The DashBulkUploader class is the recommended way to upload data to Dash. If more control is needed over the upload process, the Load class can be used instead.

from comotion.dash import DashBulkUploader
from comotion.auth import Auth

auth_token = Auth(orgname = 'my_org_name')
my_lake_table = 'v1_policies'
uploader = DashBulkUploader(auth_token = auth_token)

You can now add a load to the uploader.

uploader.add_load(
                  table_name = my_lake_table,
                  check_sum = {
                     # SQL aggregation: expected result
                     'sum(salary)': 12345
                  }, # Alternatively, provide the track_rows_uploaded arg as true
                  load_as_service_client_id = '0'
                )

This creates a Load and adds it to the uploader.uploads object. Note that modify_lambda, path_to_output_for_dryrun and chunksize can also be specified and will behave the same as for the read_and_upload_file_to_dash function.

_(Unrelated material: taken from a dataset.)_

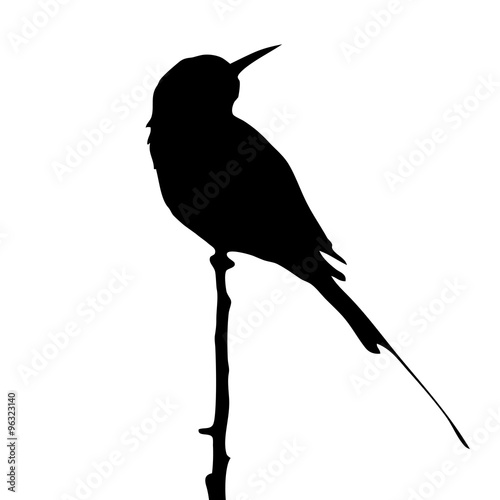 Green bee-eater on tree top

The check_sum parameter can be used to verify a load before it is pushed to the lake. Specify a dictionary of valid check sums as in the example above to ensure data quality and completeness. Any valid SQL aggregation can be provided in the keys, and a scalar value should be provided for the values. You will need to calculate these check sums at source and then provide the expected result as the value.

If this is not required, you can set track_rows_uploaded = True, which will automatically create the check_sum {'count(*)': x}, where x is the number of rows in the source data.

Now we need to add a data source to the load

uploader.add_data_to_load(
                           table_name = my_lake_table,
                           data = 'data/inforce_policies', # Can be a path to a csv, parquet or directory, a pandas dataframe or a dash.Query object
                           dtype={'id': 'int32', 'name': 'string', 'age': 'int32', 'salary': 'float64'} # The dtype parameter is recommended (but optional), as it allows control of lake schema from source and improves upload data quality.
                         )

print(uploader.uploads) # Will print the dictionary containing loads and data sources added to the uploader.

This function will add the datasource to the applicable load. You can add multiple data sources to 1 load. We recommend using the dtype parameter, which should be compatible with the pandas dtype argument.

Hint

If a path to a directory is specified, all valid files in the directory will be uploaded to the lake table specified.

This allows you to chunk files and store them in the same folder for more efficient extract and upload.

The file_key parameter is used to avoid duplicating a data source within a load. This is automatically generated if not provided.

You can also use the uploader.remove_load() or uploader.remove_data_from_load() functions to remove loads or data sources from the uploader respectively.

Obtaining the file_key to remove data from a load

The remove_data_from_load function requires a file key to be specified, which you can get from the uploader.uploads object.

Finally, we can execute the upload.

uploader.execute_upload(table_name = my_lake_table) # Also see functions execute_multiple_uploads and execute_all_uploads.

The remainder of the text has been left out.